Without the images, repeat every line of the listing exactly.

______

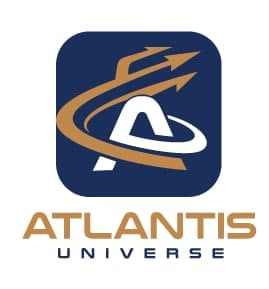 Atlantis Metaverse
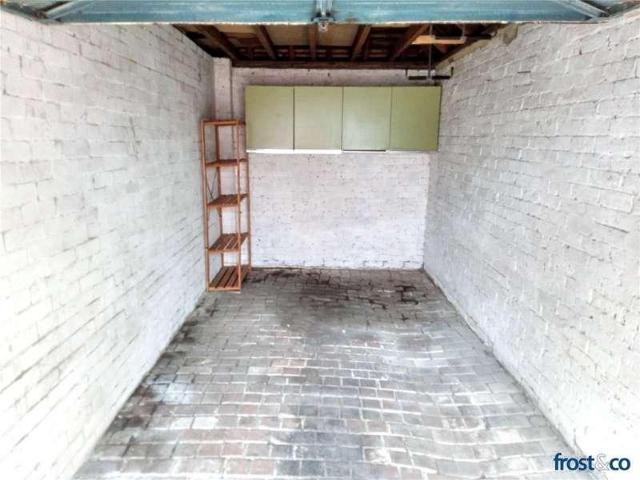 Property for sale in Upper Parkstone, Poole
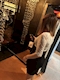プロフィール写真1・はるの　はる｜Grande・グランデ - 松山市の熟女キャバクラ
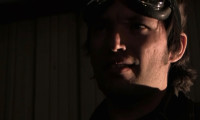 The Danger Element Movie Still 7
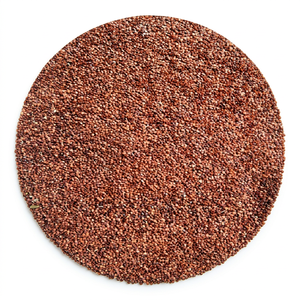 Fournisseur en gros de poudre de Mimosa Pudica directement d'Inde - Product Image 1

______

### WRITTEN SOLUTION
 Atlantis Metaverse
 Property for sale in Upper Parkstone, Poole
プロフィール写真1・はるの　はる｜Grande・グランデ - 松山市の熟女キャバクラ
 The Danger Element Movie Still 7
 Fournisseur en gros de poudre de Mimosa Pudica directement d'Inde - Product Image 1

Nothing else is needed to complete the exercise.